How To Co-Parent Effectively
Co-parenting can be a real struggle. It may take years of work for parents to establish a successful co-parenting relationship. Fortunately, if you have not gotten to this point, there is still room for improvement.
Rather than focusing on your flaws, you can highlight the positives and strive towards resolving any conflict that you may have with your previous partner.
Below are a few ways you can build a healthy and productive co-parenting relationship.
Heal From the Past
Family therapists recommend that to succeed at co-parenting, you must first heal yourself.
If either or both parents do not strive to move on, they risk bringing their hurt into the co-parenting relationship.
To avoid such inconveniences, therapists suggest that parents should view the relationship as completed rather than failed.
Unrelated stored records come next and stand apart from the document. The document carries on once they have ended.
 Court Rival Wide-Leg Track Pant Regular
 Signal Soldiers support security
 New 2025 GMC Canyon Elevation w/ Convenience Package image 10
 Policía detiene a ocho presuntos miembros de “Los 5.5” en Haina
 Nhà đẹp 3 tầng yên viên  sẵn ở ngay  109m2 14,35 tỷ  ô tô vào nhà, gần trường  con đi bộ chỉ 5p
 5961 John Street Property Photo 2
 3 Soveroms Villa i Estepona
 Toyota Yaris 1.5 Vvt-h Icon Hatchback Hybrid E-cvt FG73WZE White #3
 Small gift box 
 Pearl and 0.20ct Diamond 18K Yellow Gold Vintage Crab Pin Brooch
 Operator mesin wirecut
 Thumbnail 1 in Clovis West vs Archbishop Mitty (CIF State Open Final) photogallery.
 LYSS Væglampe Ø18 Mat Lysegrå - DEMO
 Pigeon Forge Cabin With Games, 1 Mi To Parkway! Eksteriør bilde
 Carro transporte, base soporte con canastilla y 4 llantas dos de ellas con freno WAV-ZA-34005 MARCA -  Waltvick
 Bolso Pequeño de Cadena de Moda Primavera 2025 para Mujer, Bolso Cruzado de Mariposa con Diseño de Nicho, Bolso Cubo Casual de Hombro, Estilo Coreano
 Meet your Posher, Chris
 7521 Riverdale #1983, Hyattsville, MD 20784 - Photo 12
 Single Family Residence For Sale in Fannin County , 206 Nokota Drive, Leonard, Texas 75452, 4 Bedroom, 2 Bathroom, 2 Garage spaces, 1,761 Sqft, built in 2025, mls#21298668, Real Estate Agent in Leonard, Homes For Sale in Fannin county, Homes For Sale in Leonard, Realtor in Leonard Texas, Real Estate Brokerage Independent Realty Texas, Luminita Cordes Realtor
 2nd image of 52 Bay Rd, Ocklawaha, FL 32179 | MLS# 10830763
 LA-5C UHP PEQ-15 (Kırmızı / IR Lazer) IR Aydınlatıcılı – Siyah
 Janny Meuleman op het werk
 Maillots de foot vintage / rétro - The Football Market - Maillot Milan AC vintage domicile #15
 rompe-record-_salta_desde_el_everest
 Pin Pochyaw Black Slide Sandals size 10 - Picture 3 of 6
When you find happiness as an individual, you are more likely to co-parent with intention and focus.
Set Clear Boundaries
If you set clear boundaries and establish the things you can control, it will be much easier for you and your ex-partner to work as co-parents.
For instance, you may not have control over their new partner and whether or not they choose to introduce them to your children.
Have a Predetermined Schedule
Co-parenting comes with a lot of time transitions. These would be more manageable for all the parties involved if everyone had a predetermined and reliable schedule.
Most parents who have successfully established a co-parenting relationship have healthy communication skills.
They are confident that they can count on the other parent to maintain their commitments unless in extraordinary circumstances.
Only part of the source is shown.